■ **Task instructions**: All lines from the one containing "Wm. S Haynes" down to the one containing "Estela de Castro", both ends included, are to be given again exactly; omit the rest of the listing below.

■ **Data extracts**:
· · · ·

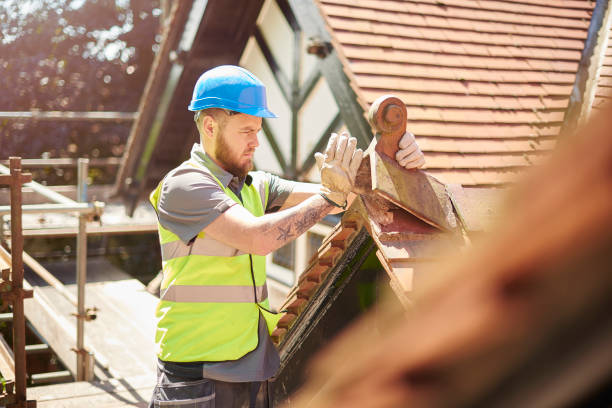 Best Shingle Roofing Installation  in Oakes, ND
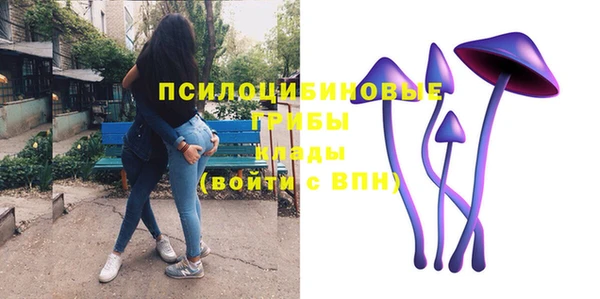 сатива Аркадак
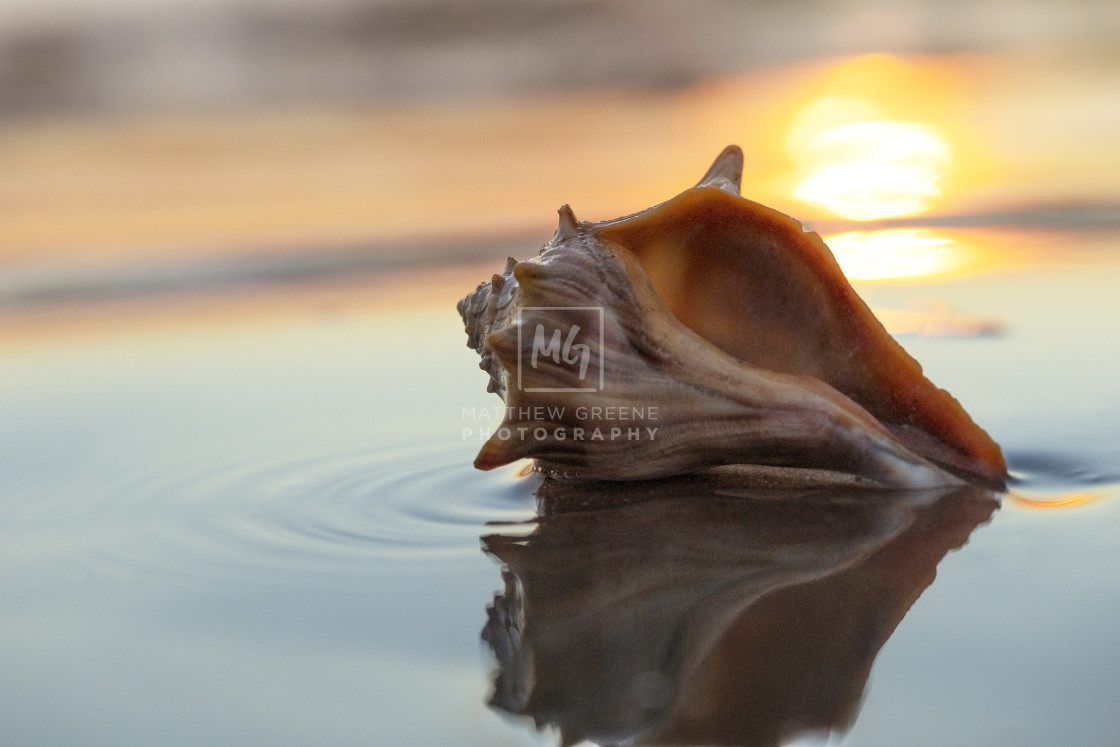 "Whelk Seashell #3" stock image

· · · ·

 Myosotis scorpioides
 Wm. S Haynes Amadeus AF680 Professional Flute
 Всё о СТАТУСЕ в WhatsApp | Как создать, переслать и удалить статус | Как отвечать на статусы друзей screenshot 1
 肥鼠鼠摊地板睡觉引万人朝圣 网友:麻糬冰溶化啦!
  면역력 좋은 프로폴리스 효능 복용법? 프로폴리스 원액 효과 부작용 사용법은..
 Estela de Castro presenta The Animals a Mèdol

· · · ·

■ **Your solution**:
 Wm. S Haynes Amadeus AF680 Professional Flute
 Всё о СТАТУСЕ в WhatsApp | Как создать, переслать и удалить статус | Как отвечать на статусы друзей screenshot 1
 肥鼠鼠摊地板睡觉引万人朝圣 网友:麻糬冰溶化啦!
  면역력 좋은 프로폴리스 효능 복용법? 프로폴리스 원액 효과 부작용 사용법은..
 Estela de Castro presenta The Animals a Mèdol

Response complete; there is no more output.